When she arrives in Kae, she has no idea that her prince Raoden is just beyond the walls of Elantris. A few minutes walk away. The king secretly banished him. Everyone told Sarene that Raoden was killed in an accident.

Sarene was not convinced.

From there, we see her struggle to discover the truth. What happened to her prince? I'll let you read the book to discover her journey.


Hrathen is a priest of the Derethi religion. He receives a mandate from his superior to come and convert Arelon to the Derethi religion. This mission will spell their god's return — once all the people in all corners of the world will convert. The line between religion and cult is pretty vague there.

The Derethi believe that conversion by force is also an option. Or, if you don't convert, you can die. Then their god will return when all the people that oppose that god are either gone or turned.

It's not hard to stop for a minute and think about a religious sect in our world that inspired this behavior.

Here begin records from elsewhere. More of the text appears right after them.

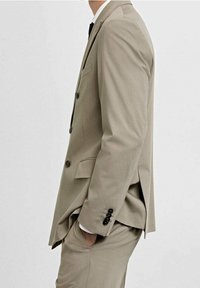 Uomo in abito formale beige con camicia bianca e cravatta nera, in posizione di profilo con una mano in tasca contro uno sfondo semplice.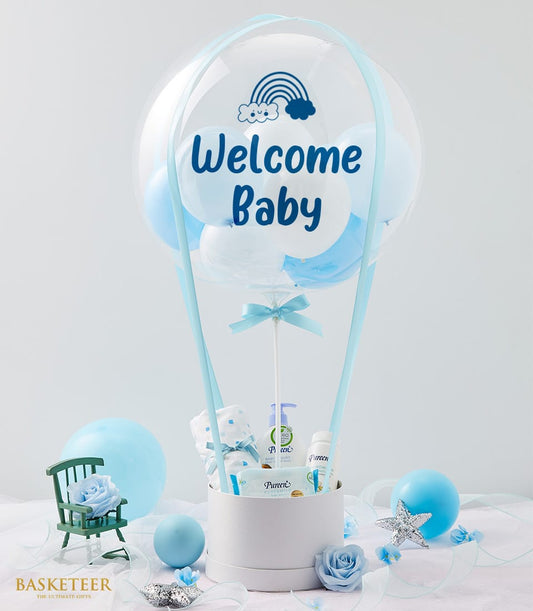 Welcome Baby hot air balloon gift set with white and blue balloons, baby care products, and blanket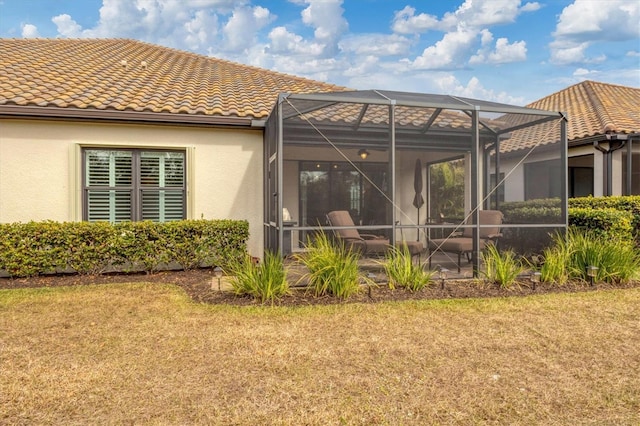 rear view of house with a lanai and a yard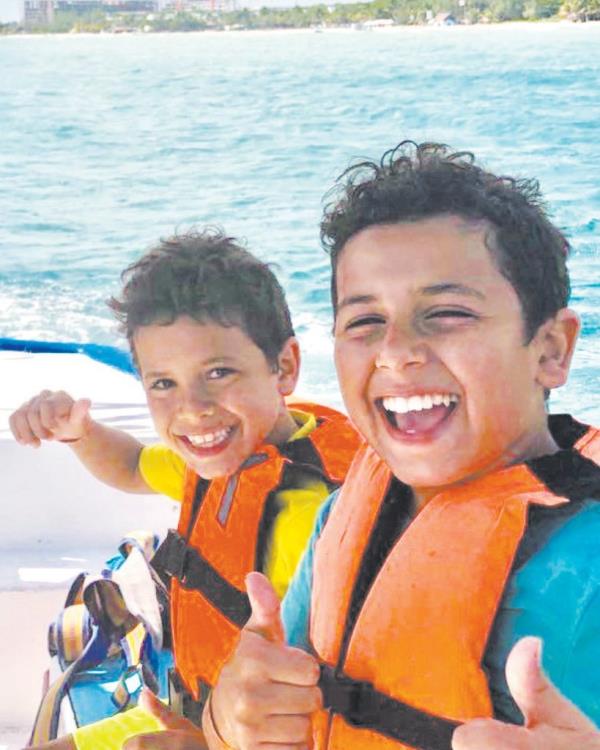 Jacob and Mark Iskander on a boat. 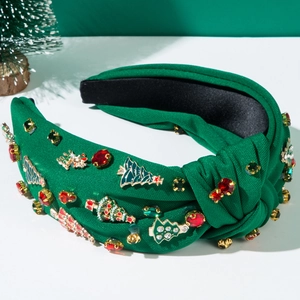 Detail of forest green knotted headband featuring rhinestone-encrusted Christmas tree charms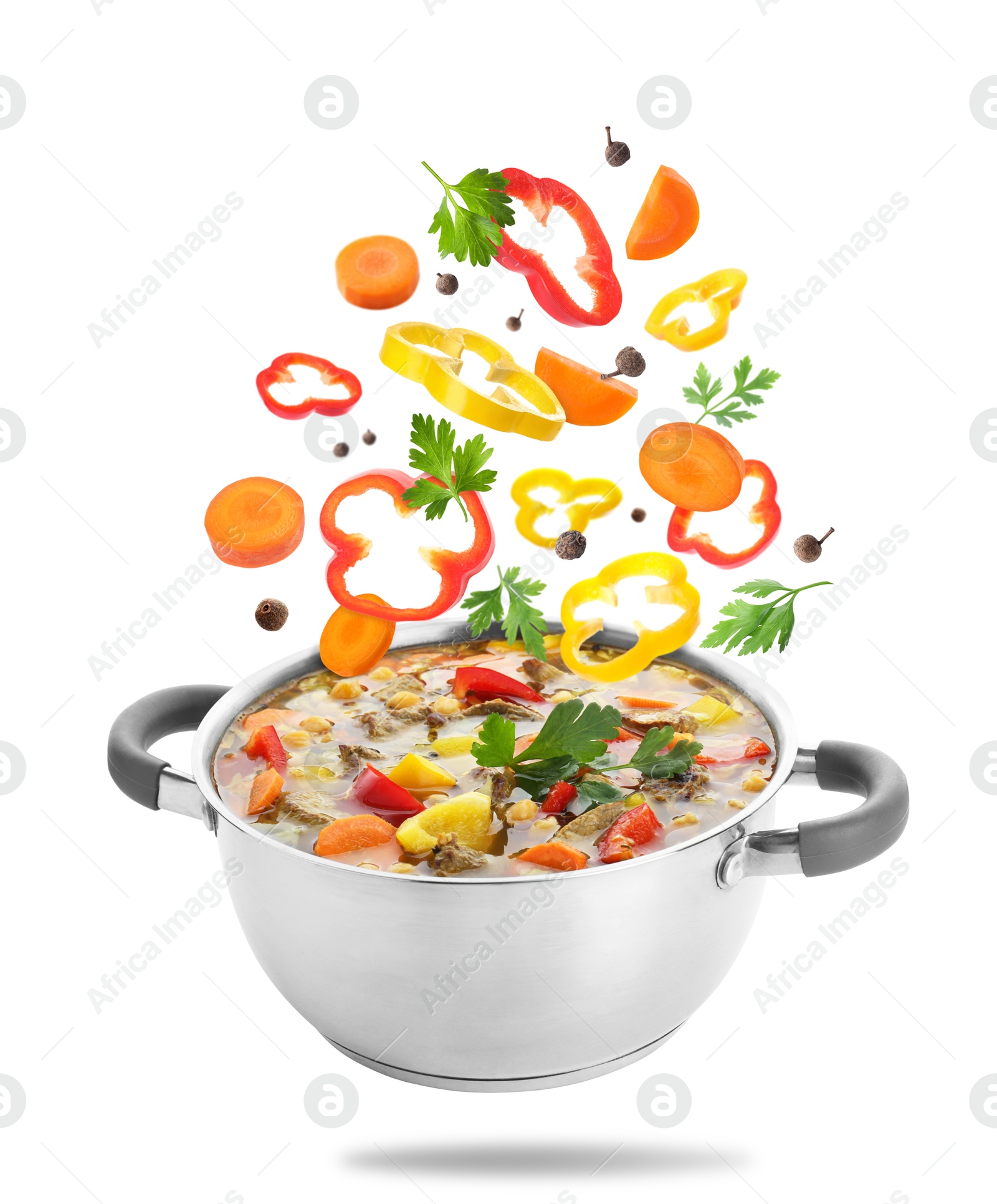 Image of Vegetables for soup and pot in air on white background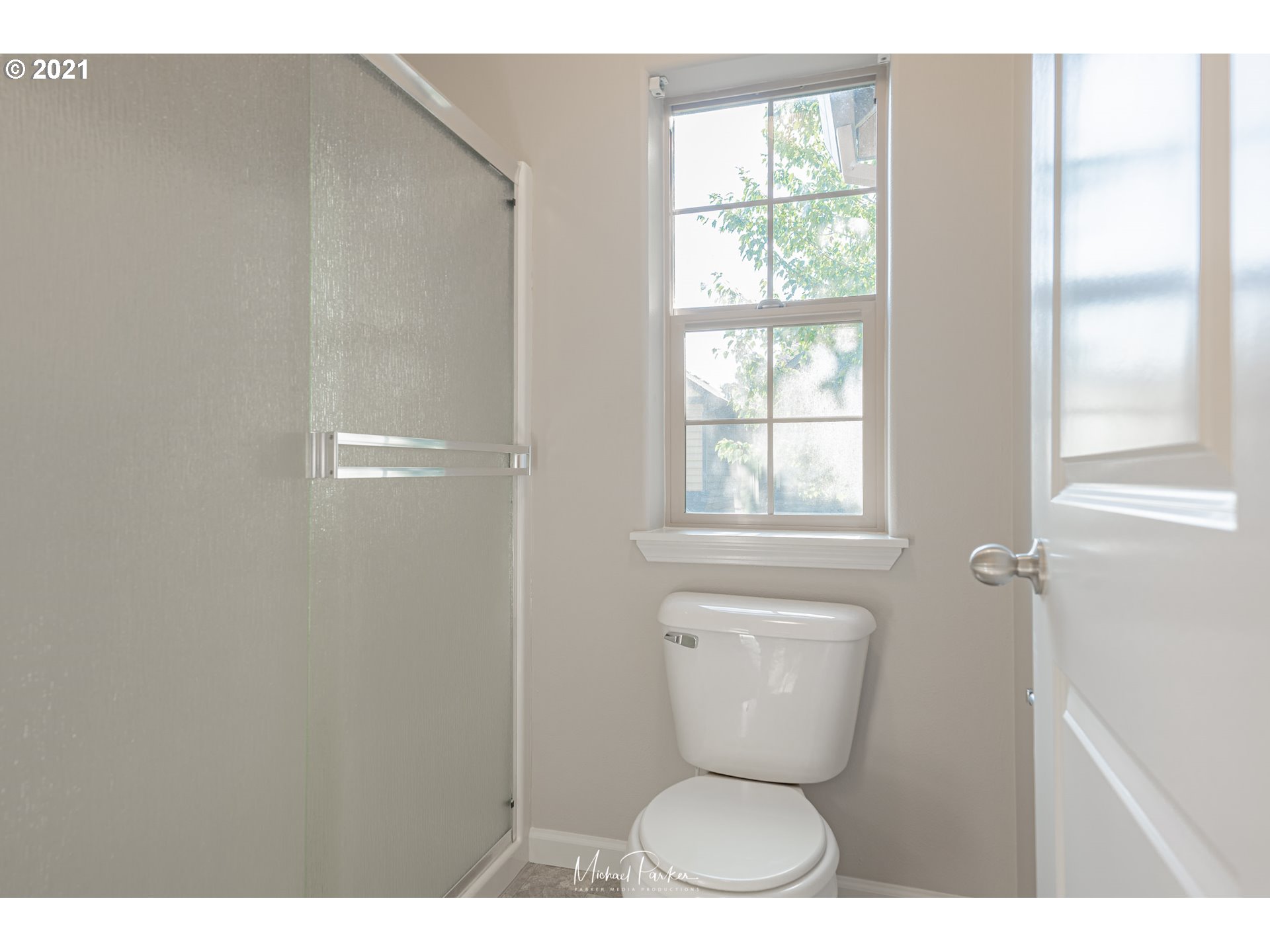 19947 Southwest Jette Lane Aloha, OR 97003 - Photo 19 of 26 a bathroom with a toilet next to a window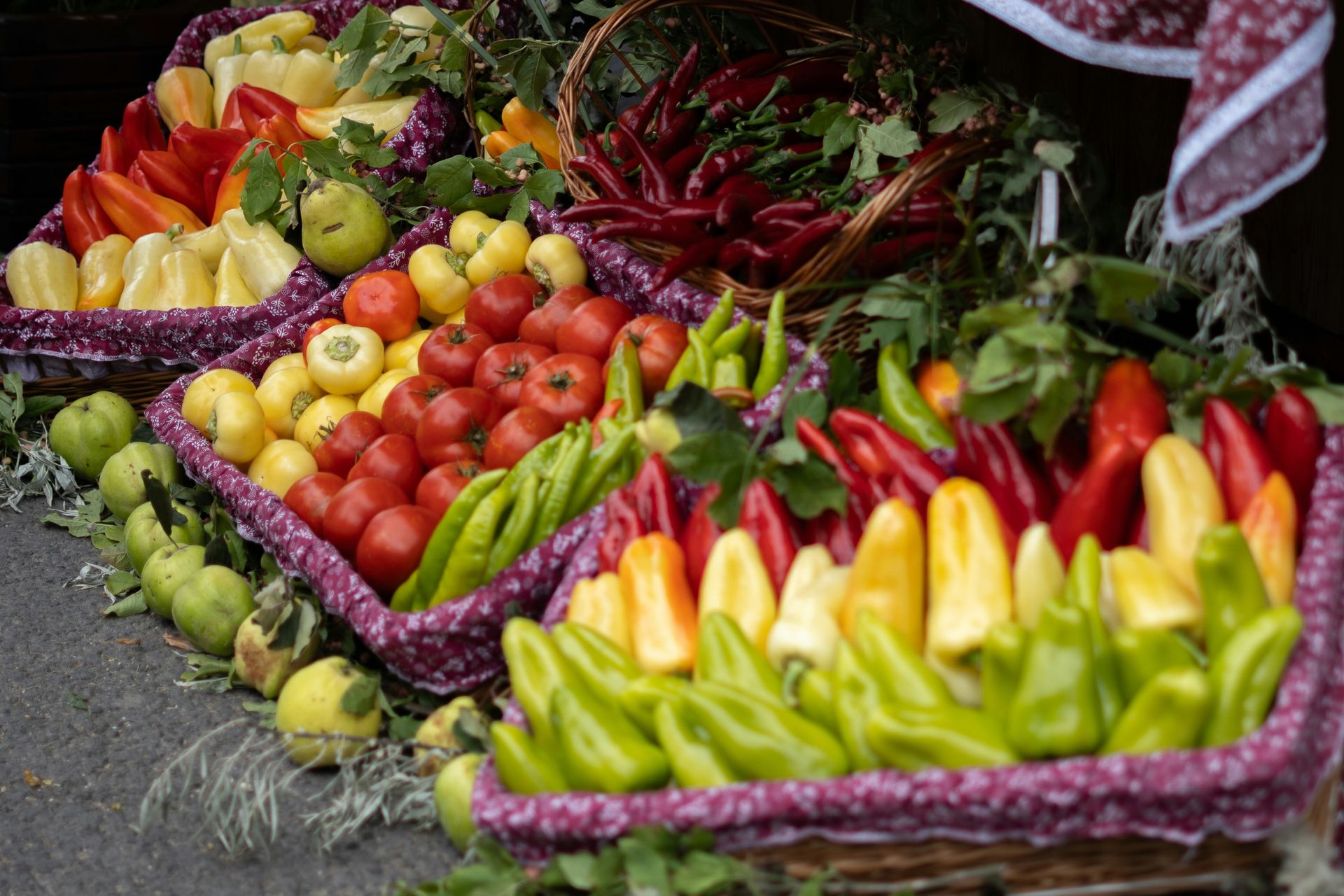 Baskets overflowing with colorful fresh vegetables and fruits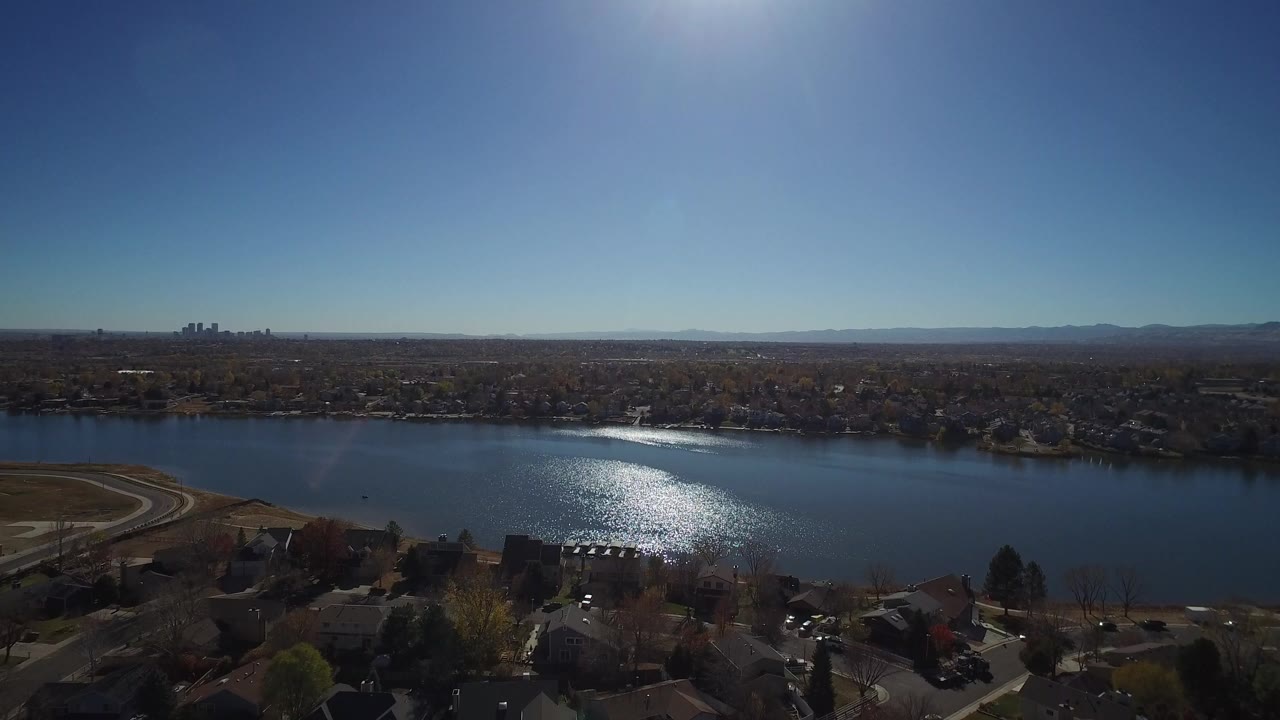 Aerial view over homes toward a sunlit lake and distant skyline.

I'll keep that up to you, dear reader, to figure this one out.

In any case, Hrathen is a very complex character. He isn't a zealot. Hrathen is logical and analytical. His mission is to convert Arelon in three months. Whatever the result, the armies will come and exterminate any non-believers by then.

But, something is not sitting well with Hrathen about this. Besides, the "stupid" princess, Sarene, is a worthy foe in the royal court he needs to win over in Arelon.

Could she become more than that for Hrathen? Read the book to know more.

The Worldbuilding of Elantris

This world doesn't feel like Brandon's first attempt at writing a book. In interviews, he said he wrote many books he didn't publish. But Elantris was his first published one. When reading through, I felt like I lived in Arelon. Brandon's experience in writing shines through the pages - even in this "old" book.

It's easy to connect to the world from the digestible descriptions. Brandon is doing a great job in making sure everything is clear. He doesn't use fancy words to describe people, places, and even magic.

Elantris is also the first book in the Cosmere – Brandon's fantasy universe. Seeing how everything fits together when Brandon publishes Elantris's sequel will be interesting.

The Threads Are Coming Together

Brandon weaved the story together beautifully. In the beginning, each of these characters starts their journey separately. It seems there is no connection whatsoever between them.

Raoden is inside Elantris and trying to survive, Sarene is at court, and Hrathen is in his church.

Each one gets accustomed to their new reality as the story progresses. Also, they illuminate the world around them with their interactions. We get to know more about Elantris, Arelon, and the world as a result.

What I love about Sanderson's writing is that these characters feel independent. They drive the story forward. They are the reason behind the story's turning points, ups and downs.

These characters make me laugh, shed a tear, or hold my breath. And yes, these reactions all happened in this one book.

I wholeheartedly recommend Elantris if you like fantasy with hard rules. They make for exceptional storytelling.